The next visitor came a few hours later. Our speech therapist recently quit First Steps and since there are now only 2 STs servicing our area, we're again on a waiting list. (Buddy still isn't talking, so ST is definitely something I'd like to keep up with.) In lieu of a ST, our service coordinator suggested adding a developmental therapist, who supposedly can also help with speech.

And so the DT came Friday afternoon to spend an hour with Kieran. To be frank, I found her a bit annoying (mainly in the way she talked), but for the sake of continued therapy in this area, I'll keep her around. For awhile anyway. Our geneticist also mentioned at a recent appointment that he could refer us to the speech pathology division at Children's, which I may follow up on.

Speech therapy, finally

We've been on the waiting list for a speech therapist for Buddy since September, 2009. There are known speech delays in those with Williams Syndrome (although once they begin speaking, apparently, language becomes a strength), and we wanted to give him every advantage. Speech therapists are rare in our neck of the woods, and so it was only just last week (May, 2010) one called to set up an appointment to begin his therapy. From now on (or at least until he's 3), Tuesdays will be reserved for speech therapy with Lori.

Words he understands

Wednesdays are OT day for Buddy. He enjoys spending time with our OT.

When he was first diagnosed with WS, I had visions of him as an adult unable to do even the most basic of personal care -- tie his shoes, feed himself, brush his teeth. Perhaps a bit extreme but some of the videos we'd seen and articles we'd read described this type of behavior in older adults with WS--able to play a concerto on the clarinet but unable to tie a pair of shoes.

However, I've been encouraged by his progress over the past few months--he's working on brushing his teeth by himself and can use a fork to feed himself scrambled eggs. Still can't tie a shoe, but I'll let that go for awhile. He's also almost ready to walk by himself and is learning to use a sippy cup.

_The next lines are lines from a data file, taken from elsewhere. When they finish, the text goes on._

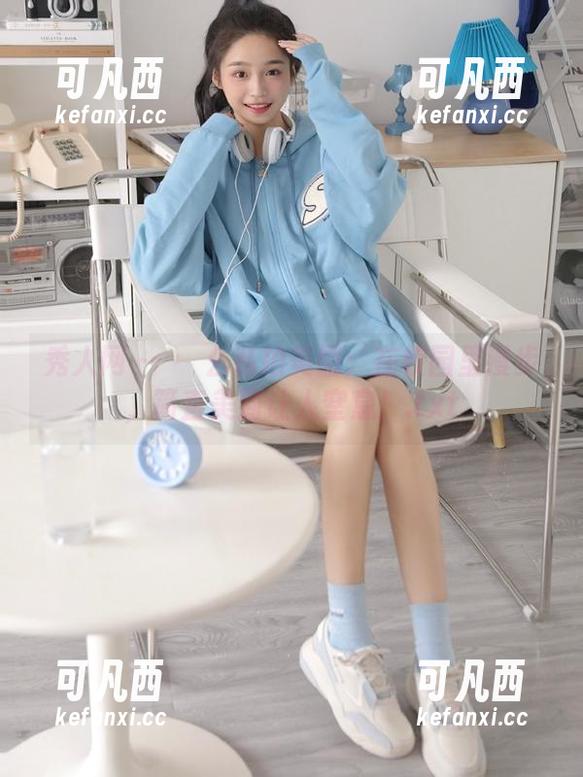 秀人网 - 婠婠么私拍美图：在校园里漫步，简直美到让人窒息！.txt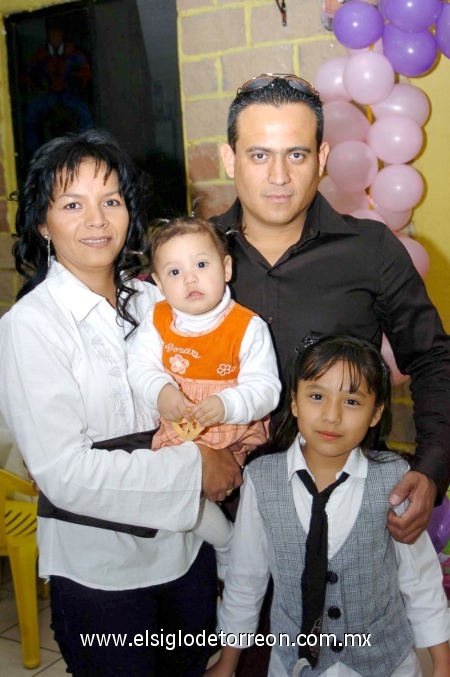 13022009 Luisa Fernanda Dugay Murillo cumplió un año y fue festejada por sus papás y hermanita.
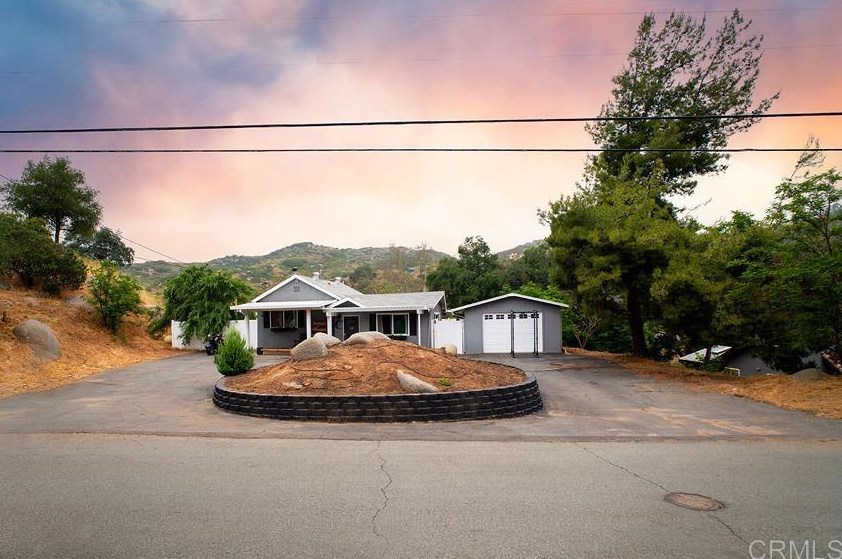 1042 Midway Dr, Alpine, CA 91901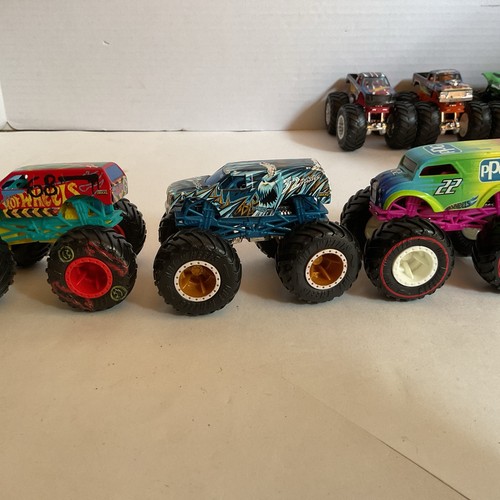 Hot Wheels Monster Jam Truck lotto di 23 Monster Trucks 1:64 Zombie Sparkle - Foto 8 di 9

We've been watching the Your Baby Can Read DVD for the past few weeks and that seems to be helping him with language acquisition. He's not reading, per se, but he is recognizing that words mean something. The following videos are a few of the words he knows.







Basic, yes, but I'll take it.

First OT visit

Today the Occupational Therapist came for our first session. Buddy was more interested in giving her hugs than in doing what she wanted him to do. However, she left some simple suggestions for things to try with him throughout the week, so we'll work those into our routine.

He had a nice time with the OT. She also suggested that we add a speech therapist, so we'll check into that, as well.